When Jacewicz & Son, in Bellows Falls, Vt., got started in the replacement contracting business more than 30 years ago, the company didn't need written job descriptions. Like so many other fledgling contracting firms, it was exactly what the name suggests: “primarily a family-run business with my father, myself, and a part-time secretary,” says president Jayson Dunbar.
But success meant growth, and growth meant hiring, and by the time the company had 15 or 20 employees, Dunbar realized he needed formal job descriptions. “We felt there was a need, primarily on the administrative end, for the initial hiring process, so people knew what was expected of them,” he explains.
GROWING PAINS Who wants job descriptions? Not most entrepreneurial home improvement contractors, whose first job description was simple: Do everything. But job descriptions can be essential in helping contractors ease the inevitable growing pains of a successful business, human resources professionals say.
Written job descriptions, “serve as a baseline for outlining minimum qualifications and expectations of duties to be performed,” says John Sweeney, human resources knowledge advisor with the Society for Human Resource Management, in Alexandria, Va.
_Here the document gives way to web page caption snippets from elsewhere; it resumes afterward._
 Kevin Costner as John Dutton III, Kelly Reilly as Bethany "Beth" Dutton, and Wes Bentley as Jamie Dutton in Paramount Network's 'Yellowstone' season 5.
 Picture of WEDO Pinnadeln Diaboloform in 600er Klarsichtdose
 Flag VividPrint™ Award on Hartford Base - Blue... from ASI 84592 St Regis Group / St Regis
They also help to manage and evaluate performance and chart career paths in an organization by allowing managers to hold employees accountable. After all, how can you know if you're doing your job well if you're not sure what that job actually is? But job descriptions should not be cast in stone, Sweeney adds. Writing them is “a process, not an event.”
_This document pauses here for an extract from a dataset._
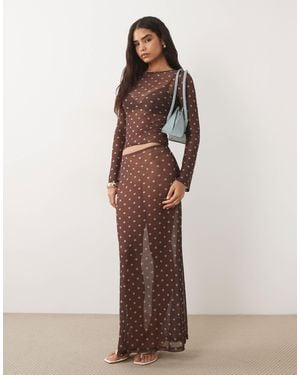 ASOS Sheer Mesh Maxi Skirt - Brown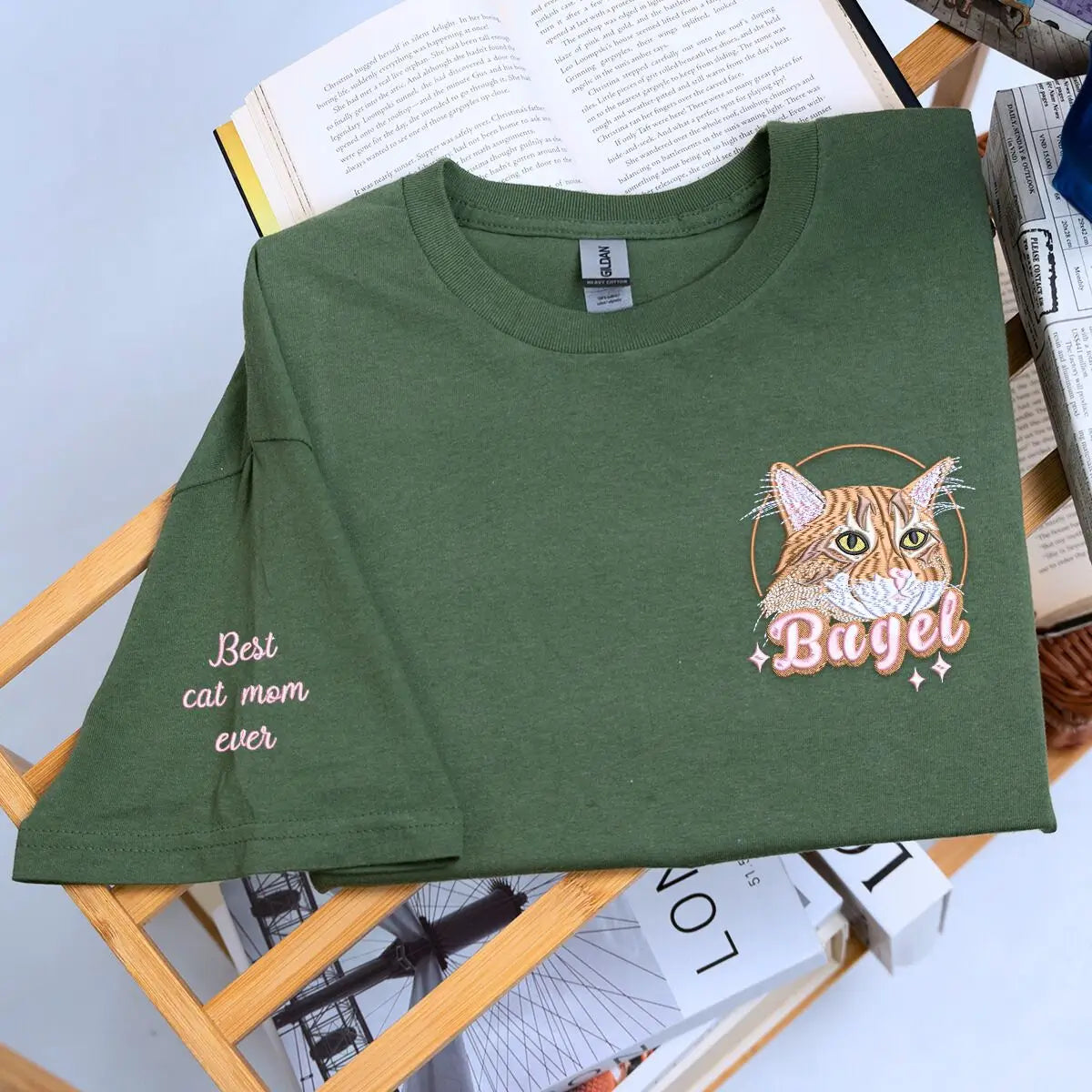 Custom embroidered cat portrait shirt with Best Cat Mom Ever text – personalized gift for cat lovers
PERIODIC REASSESSMENT At Frey Construction & Home Improvement, in Prairie du Sac, Wis., owner Scot Frey and his managers, “reassess everything twice a year,” including the job descriptions they wrote jointly a few years ago, Frey says. “We're constantly fine-tuning to make sure everyone knows their job responsibilities.”
Contractors who make time for the process say it pays clear dividends. Not only do job descriptions spell out expectations for employees, they “take away the scare of not knowing how an employee will be replaced when or if they leave. So employees don't have as much leverage on us,” Frey says.
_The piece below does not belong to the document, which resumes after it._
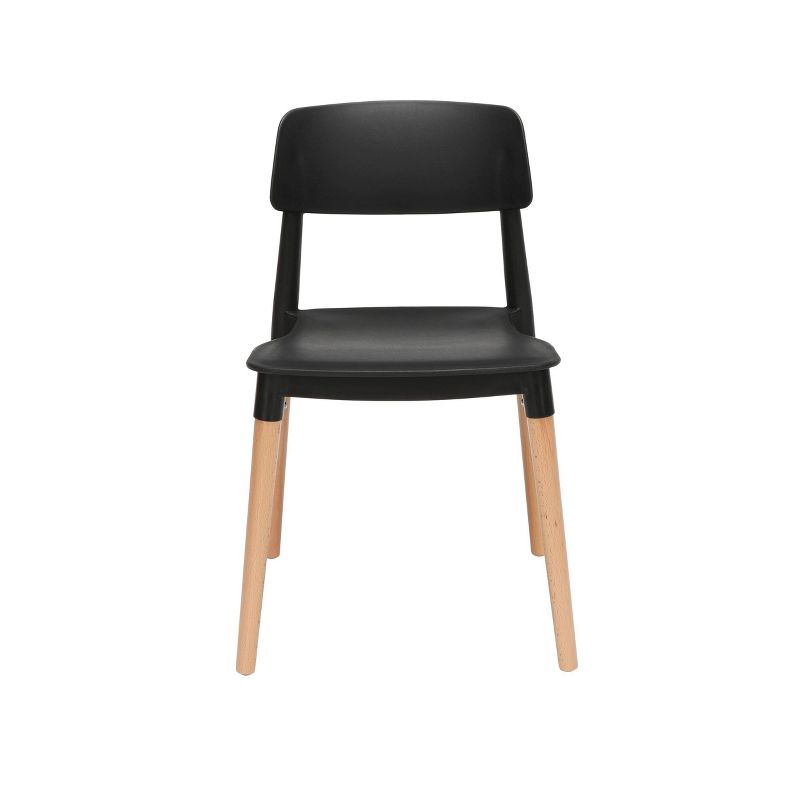 Set of 4 18" Mid-Century Modern Plastic Molded Dining Chairs with Solid Natural Wood Legs Black - OFM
Adds Dunbar, “Having job descriptions makes hiring easier because you know what you're looking for. They also help gauge whether an employee is meeting his or her required duties,” he says. And for someone looking to move up in the company, Dunbar says, job descriptions act as a guidepost. “If they have access to a job description for another position, it tells them what to look forward to and what they'll be accountable for,” he says.